The downside is that the format gets modified for TDM yet again, making those collectors who prize uniformity that much grumpier. But really, any chance at meeting that goal was blown several iterations ago, so one more change isn’t going to make it any worse. I would think, in fact, that an eclectic variety of looks might have its own appeal to collectors. Other mags like The Howard Review and Nyctalops made similar stylistic leaps over the years they were active. Besides, the Seele-Brennt format was fairly hideous to look at — one distributor told me about how it’s near-impossible for him to sell anything in that entire line due to the small, ugly footprint they make on a magazine rack or convention table. It can only get better from here, and it will be interesting to see what the Dark Man boys do to revamp their look. A more eye-pleasing design? Nicer fonts? Full color? Many possibilities to consider, and all of them doable on no budget these days.

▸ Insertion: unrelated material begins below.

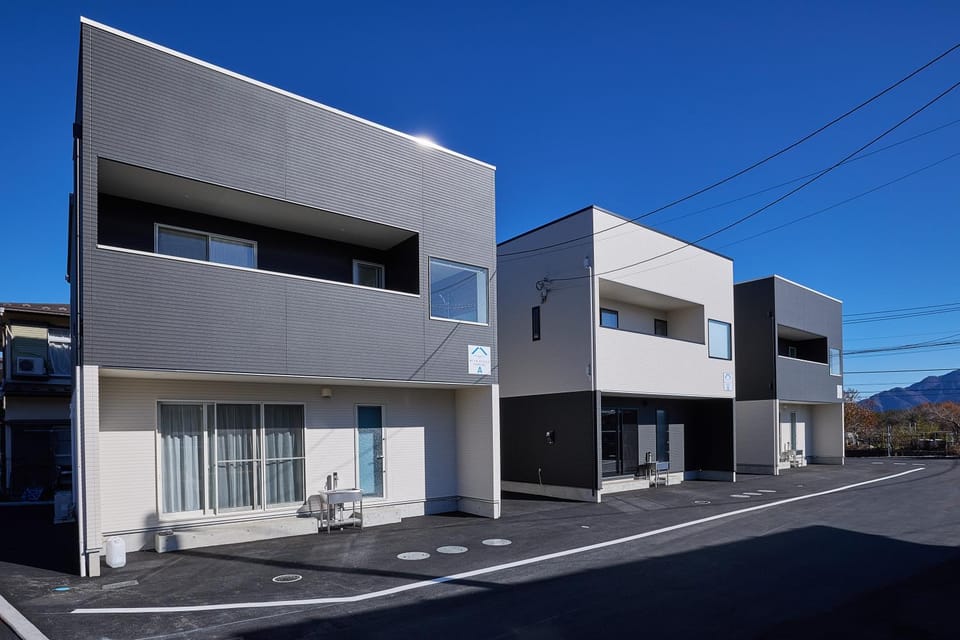 Property building, Day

As for the rest of the competition, there isn’t much to mention. Dennis McHaney has publicly stated that he’s winding down The Howard Review for good, with perhaps one more blowout finale before his final bow. Personal problems and severe gafiation has Joe Marek’s The Robert E. Howard Companion looking like a one-shot wonder. And James Van Hise’s Sword & Fantasy is coming out regularly but increasingly looks to be of little interest to Howard fans aside from the occasional reprint of some bit of lost fandom minutiae. (The day I start running hilariously inept Solomon Kane pastiches written by myself in TC, you have my leave to shoot me dead.)

Believe it or not, my dream is to see Mssrs. Sasser and Hall improve their publications to such a startling degree that they start winning Aquilonian Awards for Best Publication. It wouldn’t take much to make that category a horserace — just a slow but steady improvement in quantity and quality, issue by issue, one little nudge at a time. The Dark Man especially has made a noticeable jump upwards in this year’s Cimmerian Award voting, and given the right moves and some elbow grease, that trend could and should continue.